SUPPLIED INFORMATION:
══════════════════════════════

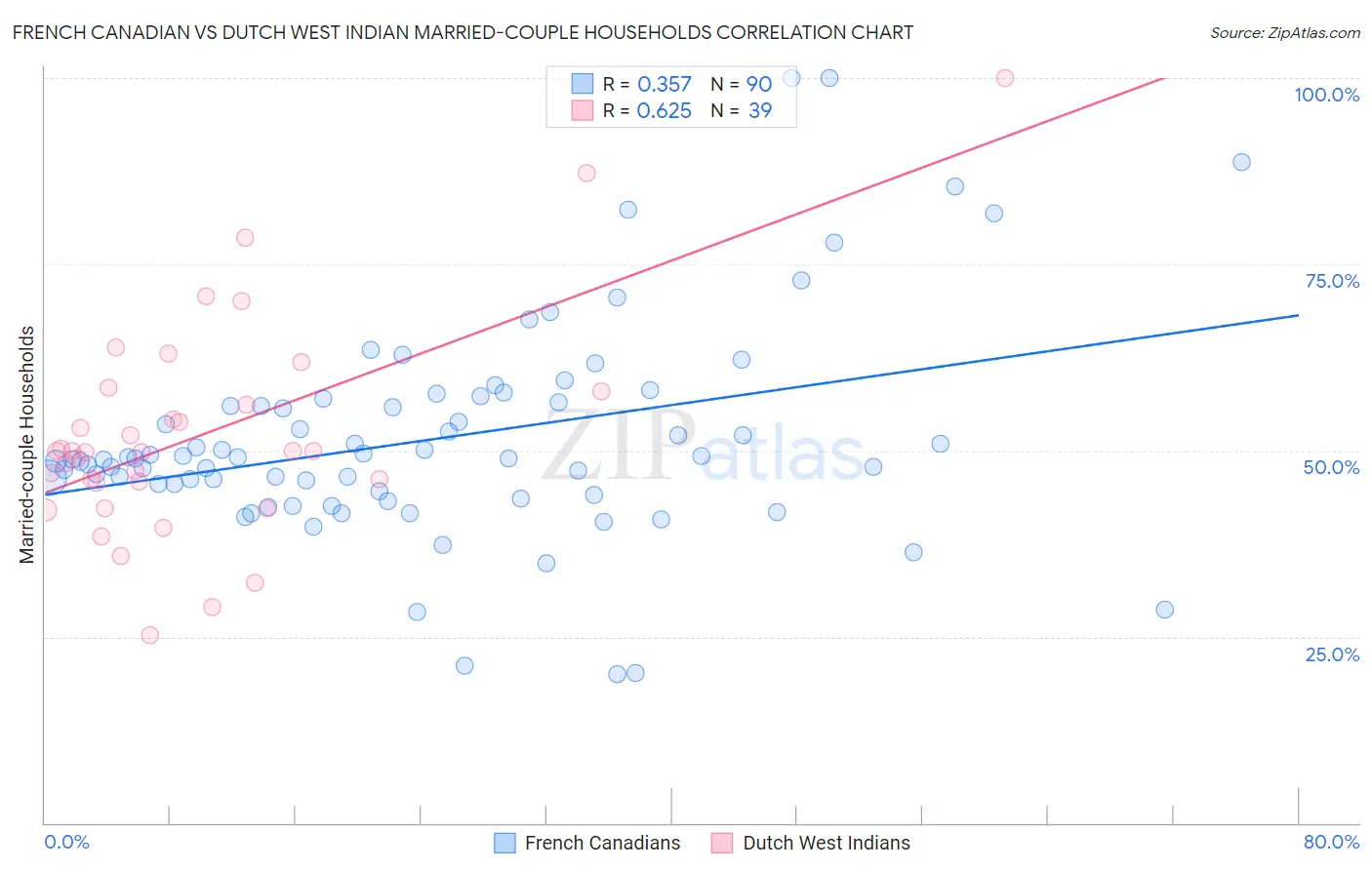 French Canadian vs Dutch West Indian Married-couple Households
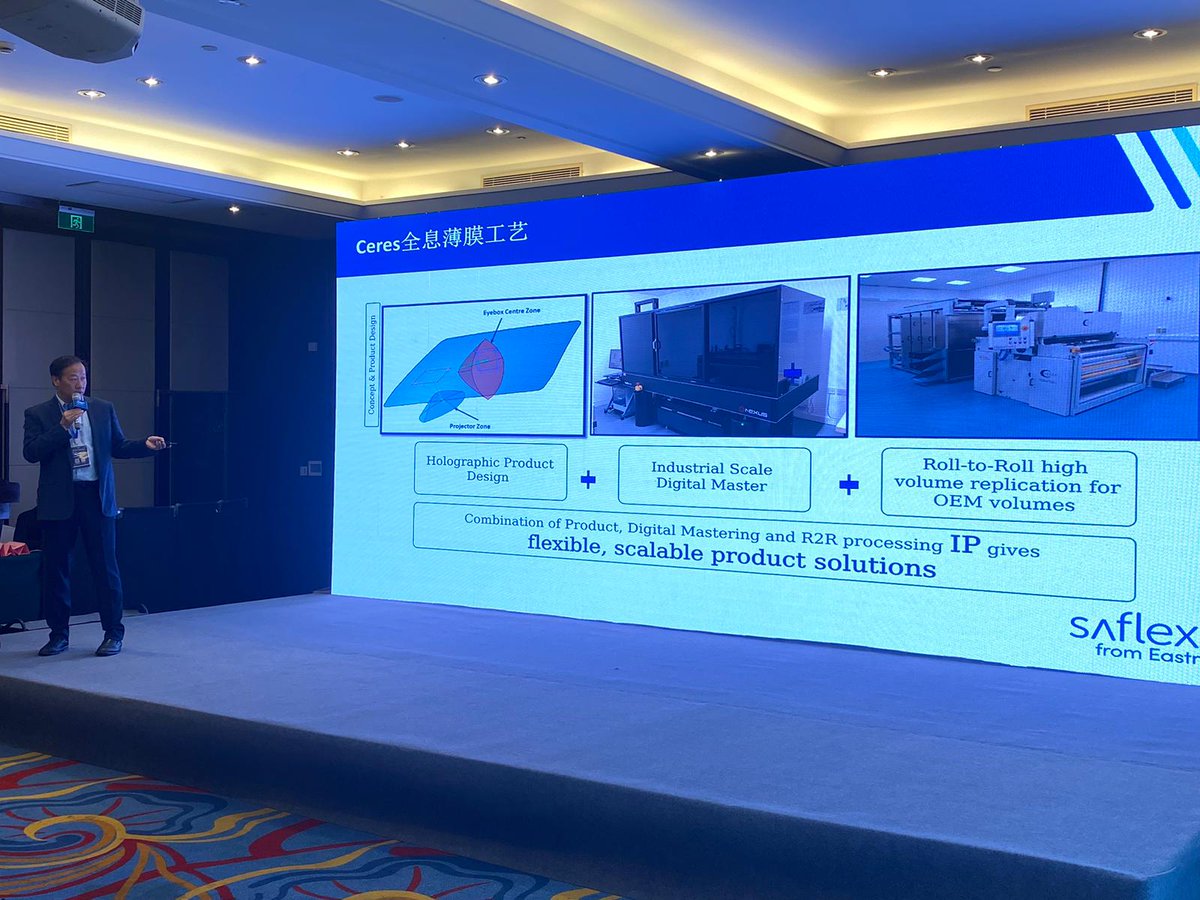 Ceres Holographics tweet media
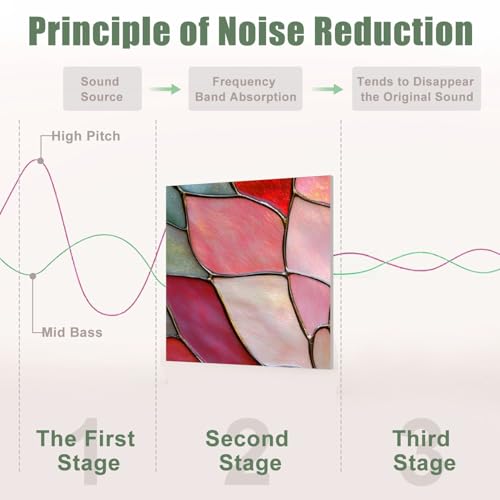 6 Pack Paneles Acústicos de Arte Absorbentes de Sonido con Diseño de Vidrio Rosa y Flor, Paneles Decorativos Autoadhesivos para Estudio y Oficina 72"x48" miniatura 4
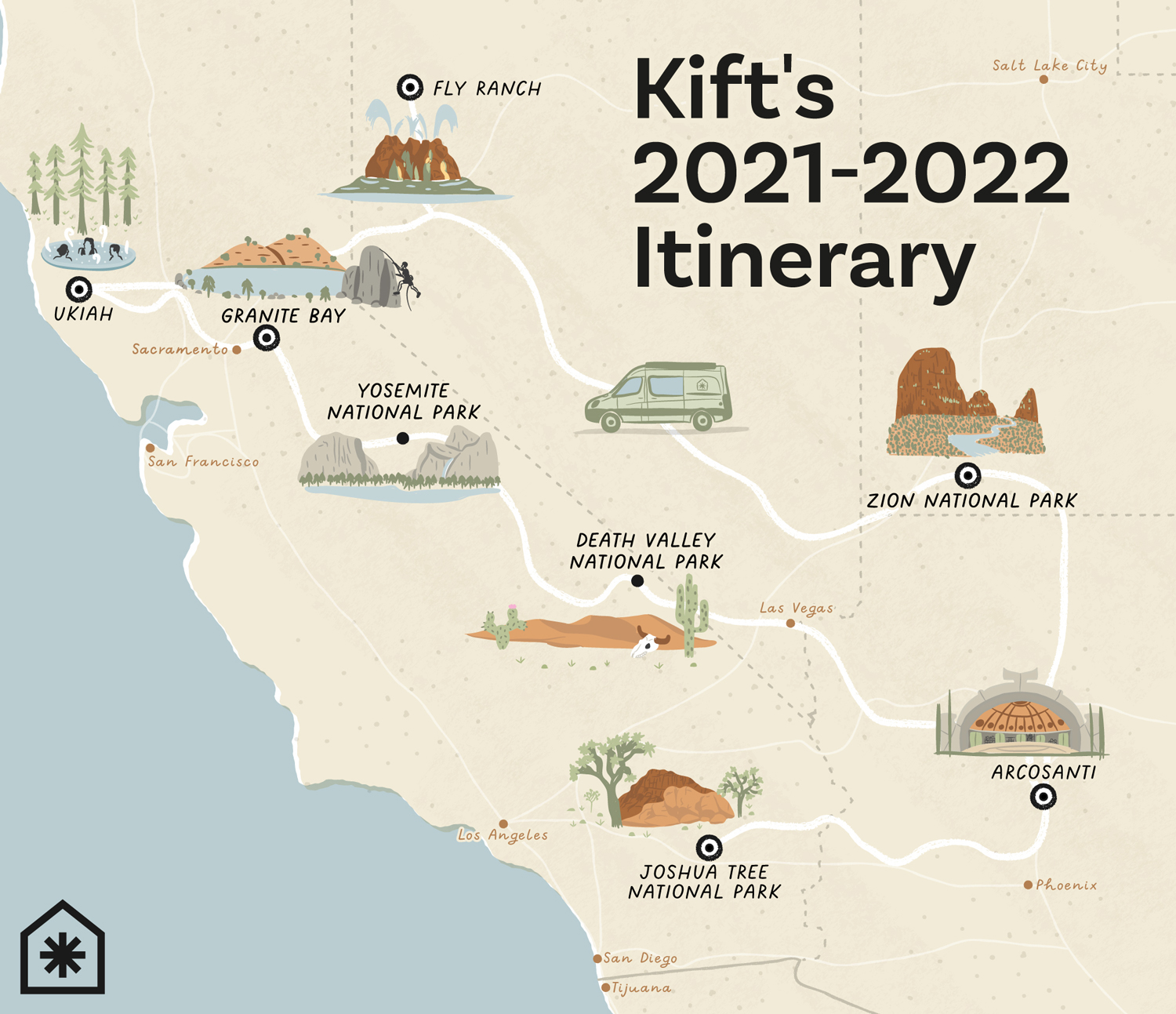 Itinerary through California, Nevada, Utah and Arizona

══════════════════════════════

WHAT IS BEING ASKED:
Produce an exact copy of the lines from the line containing "6 Pack Paneles" to the end of the material, both ends included, and omit every picture.

SOLUTION TO THIS TASK:
 6 Pack Paneles Acústicos de Arte Absorbentes de Sonido con Diseño de Vidrio Rosa y Flor, Paneles Decorativos Autoadhesivos para Estudio y Oficina 72"x48" miniatura 4
 Itinerary through California, Nevada, Utah and Arizona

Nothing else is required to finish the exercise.